Logo: University of Southern California

One Atom Makes a Big Difference

Armani Lab creates optical sensor that can distinguish between carbon dioxide and carbon monoxide
By: Katie McKissick
September 10, 2014 —
Illustration by Katie McKissick

Carbon dioxide—CO2. We exhale it with every breath. Plants use it during photosynthesis to make sugars. Our cars belch it out as we drive—unless that car is electric, of course. It’s the greenhouse gas to blame for climate change.

Carbon monoxide—CO—is an entirely different beast. While it only differs from everyday carbon dioxide by one oxygen atom, it’s highly toxic. It can be produced by combustion when there isn’t sufficient oxygen to produce carbon dioxide, such as in an oven or a car in a closed garage—places where the air is not good for breathing, to say the very least. It’s a colorless and odorless gas, which is why houses and offices are outfitted with carbon monoxide alarms. However, these alarms simply alert occupants if carbon monoxide is present. What if there was a way to isolate carbon monoxide from carbon dioxide? Part of the challenge is that the highly toxic carbon monoxide is often mixed in with everyday carbon dioxide.

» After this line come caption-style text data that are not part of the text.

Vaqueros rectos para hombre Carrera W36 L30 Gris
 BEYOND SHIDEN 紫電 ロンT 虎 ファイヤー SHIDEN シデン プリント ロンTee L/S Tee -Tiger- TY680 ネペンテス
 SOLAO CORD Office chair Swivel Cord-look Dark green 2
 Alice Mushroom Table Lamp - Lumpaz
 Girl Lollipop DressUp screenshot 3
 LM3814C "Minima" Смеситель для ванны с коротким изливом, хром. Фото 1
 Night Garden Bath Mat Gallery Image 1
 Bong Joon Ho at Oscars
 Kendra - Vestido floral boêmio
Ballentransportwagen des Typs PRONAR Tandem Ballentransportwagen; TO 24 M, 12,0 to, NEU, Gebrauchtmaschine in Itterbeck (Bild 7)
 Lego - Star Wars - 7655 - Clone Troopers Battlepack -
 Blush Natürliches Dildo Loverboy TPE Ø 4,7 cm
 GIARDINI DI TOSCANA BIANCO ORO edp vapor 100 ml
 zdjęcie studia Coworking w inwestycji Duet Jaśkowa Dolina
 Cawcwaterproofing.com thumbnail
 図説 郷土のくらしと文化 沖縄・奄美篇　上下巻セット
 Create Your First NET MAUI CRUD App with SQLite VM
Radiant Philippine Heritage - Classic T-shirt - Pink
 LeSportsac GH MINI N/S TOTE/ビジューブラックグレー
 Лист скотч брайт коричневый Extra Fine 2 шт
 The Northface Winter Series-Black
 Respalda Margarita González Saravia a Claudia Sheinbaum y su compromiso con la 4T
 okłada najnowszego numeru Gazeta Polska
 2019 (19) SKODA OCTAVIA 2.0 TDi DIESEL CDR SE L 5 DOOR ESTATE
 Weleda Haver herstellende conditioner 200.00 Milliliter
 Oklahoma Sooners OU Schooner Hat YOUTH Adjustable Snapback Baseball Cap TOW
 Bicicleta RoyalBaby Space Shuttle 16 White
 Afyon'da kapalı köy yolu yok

Researchers in the lab of Professor Andrea Armani in the Mork Family Department of Chemical Engineering and Materials Science at USC Viterbi are finding a solution.

Armani Image
Left: Rendering of the optical sensor. In this device, circulating light interacts directly with the carbon nanotube clusters on the surface, creating a detectable signal. Middle and Right: Scanning electron microscope image of the optical sensor surface showing the carbon nanotube clusters.

Maria Chistiakova, a chemical engineering Ph.D. student in the Armani Lab, is developing new tools to study the interactions between gases and surfaces. One potential application could be the development of a selective filter for carbon monoxide and carbon dioxide. In her work, she demonstrated that carbon monoxide and carbon dioxide have very different adhesion to carbon nanotubes. While this behavior had been previously shown under vacuum, her device was able to detect this behavior under normal—or real-world—conditions. The ability to perform this measurement under everyday conditions could have wide-ranging implications.

“While the CO/CO2 experiments have clear applications, Maria’s research could result in advancements in a range of fields,” Armani said. “For example, the design of more robust coatings for aircraft or cars or new materials for gas filters beyond the CO-CO2 system.”

COCO 2-01
Illustration by Katie McKissick

This work was published in “Nanotechnology” and is featured on nanotechweb.org.